Ciò che è appena accaduto in Siria è direttamente collegato alle conseguenze del 7 ottobre – ero convinto che l’invasione israeliana di Gaza del 21 ottobre 2023 avrebbe portato ad una riorganizzazione dell’intera regione, compresa la Siria.

Il legame tra il 7 ottobre e la caduta del regime di Damasco è abbastanza semplice da capire. Innanzitutto, la guerra in Siria non è mai stata risolta. L’accordo tripartito di Astana del 2018 tra Russia, Turchia e Iran – i tre Stati fortemente coinvolti sul terreno – ha riunito potenze con obiettivi distinti, nonostante un’unione di circostanza legata alla lotta contro Daech. In questa situazione, la presenza di ingenti forze militari ha blindato la regione, con i ribelli, tra cui Hayat Tahrir al-Sham (HTS), riuniti a Idlib sotto la protezione turca da una parte, il regime sostenuto da Russia e Iran dall’altra, e le forze curde a nord.

Tutto ciò è rimasto in vigore fino al 7 ottobre. Dopo questa data, è scoppiato un conflitto indiretto tra l’Iran e Israele, che si è intensificato con l’invasione israeliana del Libano alla fine dell’estate. A quel punto, l’Iran è stato costretto a spostare un gran numero di truppe d’élite di Hezbollah dal nord della Siria ed a portarle in Libano per combattere Israele. Questa mossa ha lasciato la regione sguarnita. D’altra parte, dopo la guerra in Ucraina e lo smantellamento di Wagner, i russi hanno abbandonato il fronte siriano. Le forze dell’HTS si sono quindi trovate di fronte a un’opportunità, a un vuoto, a un regime diventato vulnerabile. L’organizzazione si era preparata per un anno, vedendo l’equilibrio di potere spostarsi a suo favore. Questo è un tipico esempio di cambiamento dell’equilibrio di potere sul terreno che permette ai gruppi islamisti che operano “in bassa marea” di proiettarsi nell’attivismo durante “l’alta marea” 1.

In quattordici mesi, tutto ciò che rappresentava il sostegno all’Iran in quella regione è stato messo in discussione. Hamas è stato ampiamente decapitato, Hezbollah è stato ampiamente smantellato in Libano e il regime siriano è caduto. L’asse che andava da Teheran a Beirut è stato sostituito da un vuoto con al centro la Siria. 

 

Quali analogie storiche potrebbero aiutarci a comprendere la situazione attuale?

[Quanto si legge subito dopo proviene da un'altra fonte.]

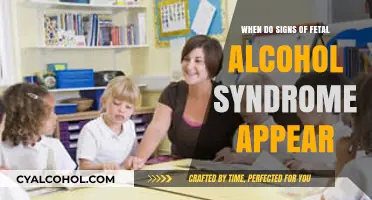 When Do Fetal Alcohol Syndrome Symptoms First Become Noticeable?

Questa situazione di vuoto, solo parzialmente colmata dall’HTS e dalle sue sovvenzioni affiliate, ricorda la situazione storica della Siria prima del colpo di Stato del Partito Baath nel 1963. All’epoca, la Siria era al centro del Medio Oriente, soggetta a colpi di Stato, a movimenti panarabi e panislamici, alle influenze contraddittorie del blocco orientale e di quello occidentale, e quindi caratterizzata da un’instabilità cronica.

L’asse che andava da Teheran a Beirut è stato sostituito da un vuoto con al centro la Siria.

Hugo Micheron

A causa della sua instabilità, la Siria è stata al centro di ricomposizioni geopolitiche in Medio Oriente durante la prima guerra fredda. Sotto il governo autoritario degli Assad, la Siria ha esportato la sua instabilità oltre i confini, giocando un ruolo decisivo nella guerra civile libanese fin dall’invasione del Libano nel 1978. 

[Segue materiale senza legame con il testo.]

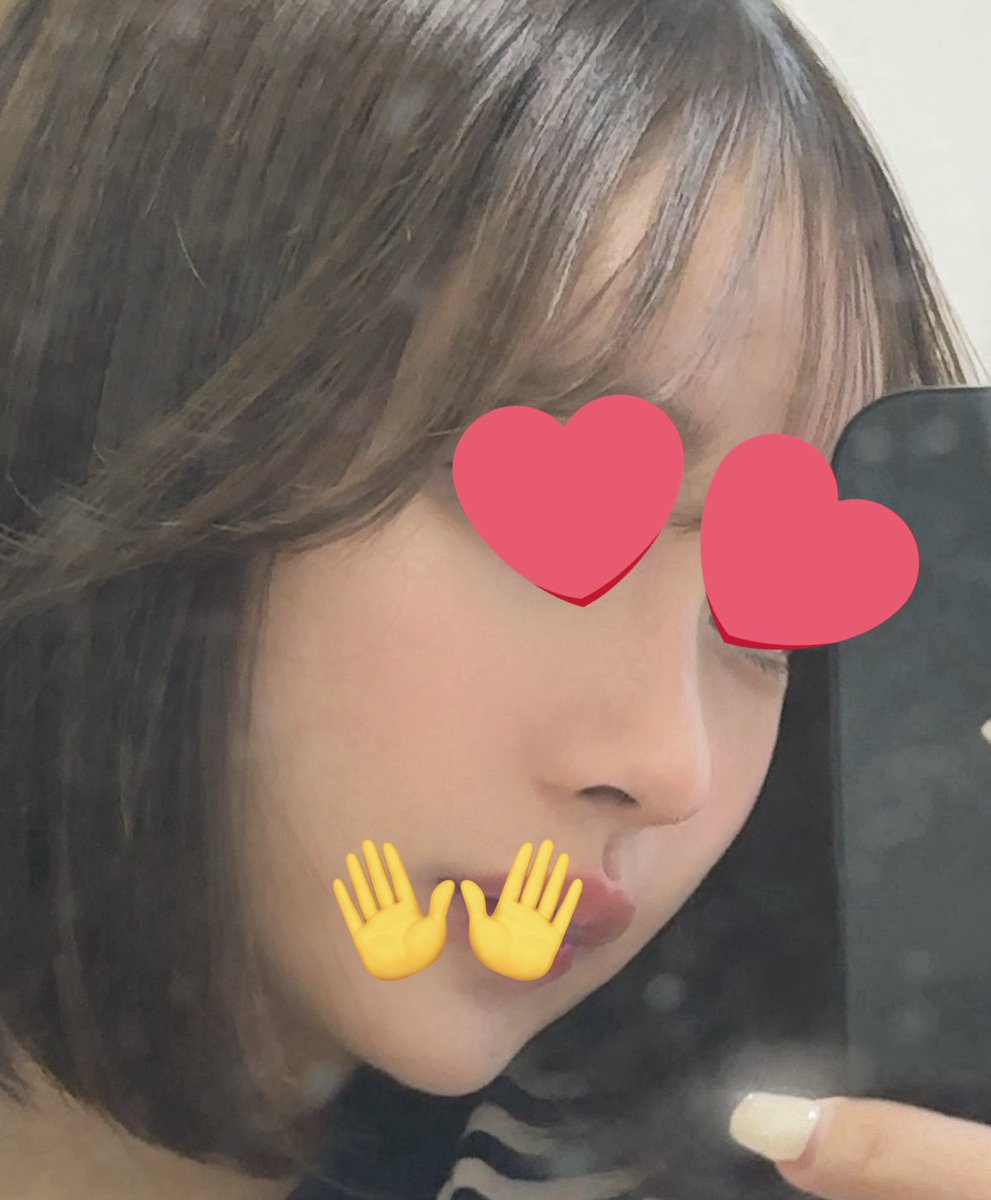 dpql32's tweet photo. アーバンさん(@prs_urban )で鼻フル、頬顎下脂肪吸引、目の下脂肪再配置をして6ヶ月経ちました^.ˬ.^ 周りから鼻を褒められることが多くてうれしい！最初は高すぎたかな?って思ったけどどんどん馴染んで綺麗になってて大大満足です(   ߹ㅁ߹)🤍🌟 https://t.co/26aw5Gfv4m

Di conseguenza, la fine del regime di Bashar al-Assad significa certamente la fine dell’influenza dell’Iran nel Paese, ma anche la rimozione di un blocco geopolitico sull’intera regione. La Siria è di nuovo, come in passato, al centro della riconfigurazione geopolitica in atto in Medio Oriente, sullo sfondo di una seconda guerra fredda tra Stati Uniti e Cina.

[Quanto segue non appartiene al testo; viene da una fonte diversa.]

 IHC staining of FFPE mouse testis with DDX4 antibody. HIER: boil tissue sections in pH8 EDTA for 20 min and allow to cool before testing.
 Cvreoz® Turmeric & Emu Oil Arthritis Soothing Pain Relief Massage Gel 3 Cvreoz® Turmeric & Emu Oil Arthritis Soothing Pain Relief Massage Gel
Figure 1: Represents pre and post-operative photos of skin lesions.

Le ideologie dominanti all’epoca erano in gran parte influenzate dai modelli sovietico e capitalista-liberale, con il regime Baath che, dopo il 1963, si allineò al primo. Oggi, invece, il panorama è più frammentato, con una crescente varietà di sfumature islamiste tra la popolazione araba a maggioranza sunnita.

Prima di sapere chi potrebbe governare la Siria in futuro, dobbiamo chiederci se una nuova stabilità potrà emergere da questo interregno siriano. 

Facciamo un passo indietro per capire meglio le origini e lo sviluppo di Abu Mohammed al-Jolani. Dove si colloca l’HTS nella storia del jihadismo?

Esistono due rami principali della jihad, da cui si sviluppano numerose varianti. La prima è la jihad globale di Al-Qaeda, spesso vista come la matrice originale. Questa forma di jihad è stata la prima a ottenere visibilità internazionale, affondando le sue radici nell’Ufficio dei Servizi di Peshawar, fondato nel 1984 da Abdallah Azzam, con Osama Bin Laden come principale finanziatore. A partire dal 1996, al-Qaeda ha promosso l’idea di una jihad globale, cioè una jihad condotta da un’organizzazione nomade con l’obiettivo di combattere le potenze occidentali, in particolare gli Stati Uniti, moltiplicando gli attacchi in tutto il mondo contro gli interessi americani, soprattutto in Medio Oriente. Colpendo gli Stati Uniti, speravano di ridurre gradualmente l’influenza americana e di rovesciare i regimi arabi che si opponevano ai jihadisti a livello locale.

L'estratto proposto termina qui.